DNN-for-speech-enhancement
DNN-for-speech-enhancement copied to clipboard
framesBeforeSent[] does not read correctly
Dear Dr. Xu: I am using your model to train with my data. However, it seems that the framesBeforeSent[] does not read the correct number. In my understanding, the number in framesBeforeSent[] should be the number of frames before each sentence and should correspond with the sum of the number in lens file. However, I get big numbers like 1101260349 in framesBeforeSent[] although I only have 6379 frames. And because of that, the program ran into an endless loop in : while(cur_chunk_frames >= para->traincache ){ next_st = cur_frame_id -(cur_chunk_frames - para->traincache); if(next_st < total_frames){ chunk_frame_st[count_chunk] = next_st; count_chunk++; cur_chunk_frames = (cur_frame_id - next_st > para->fea_context -1)?(cur_frame_id - next_st - para->fea_context +1):0; } The reason that I feel frameBeforeSent was misread is that it cause the error "tails in target pfile and data pfile is not consistent". When I use my noisy.pfile and clean.pfile to train, this error pop up. However, when I check my noisy.pfile and clean.pfile, the tails are the same.
I tried to fix this bug by changing the calculation of offset in read_tail(fp_data, offset, total_sents, framesBeforeSent) but failed since I am not quite familiar with the data structure of pfile. So, can you help fix this bug?

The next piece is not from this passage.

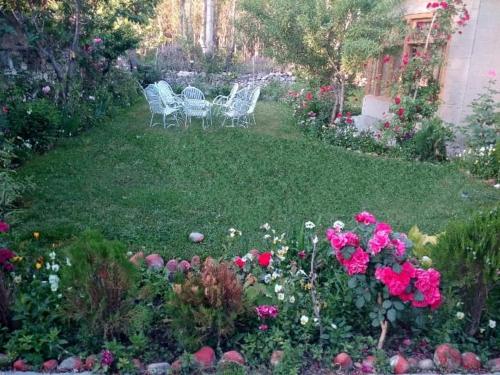 a garden with chairs and flowers in a yard at Ilyasin Guest House in Skardu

Any help from you would be greatly appreciated!!
Dear Dr. Xu:: It seems that the fea_dim is not correct with the default setting. With the setting in get_pfile.pl, the fea_dim of the pfile should be 257 instead of 129. But when I change fea_dim to 257, other errors occur. Can you tell us how to control the fea_dim in the pfile and what's the exact meaning of fea_dim?
Hi, the fea_dim means the dimension of one frame feature, e.g., log-power spectra. If the sample rate is 16khz, and you use 512 STFT, your fea_dim is 257 If the sample rate is 8khz, and you use 256 STFT, your fea_dim is 129
Thank you very much for your reply! Can you share the source code of "Wav2LogSpec.exe“ and "WAV2RAW.exe"? It would help a lot for us to know the data structure in the lsp files!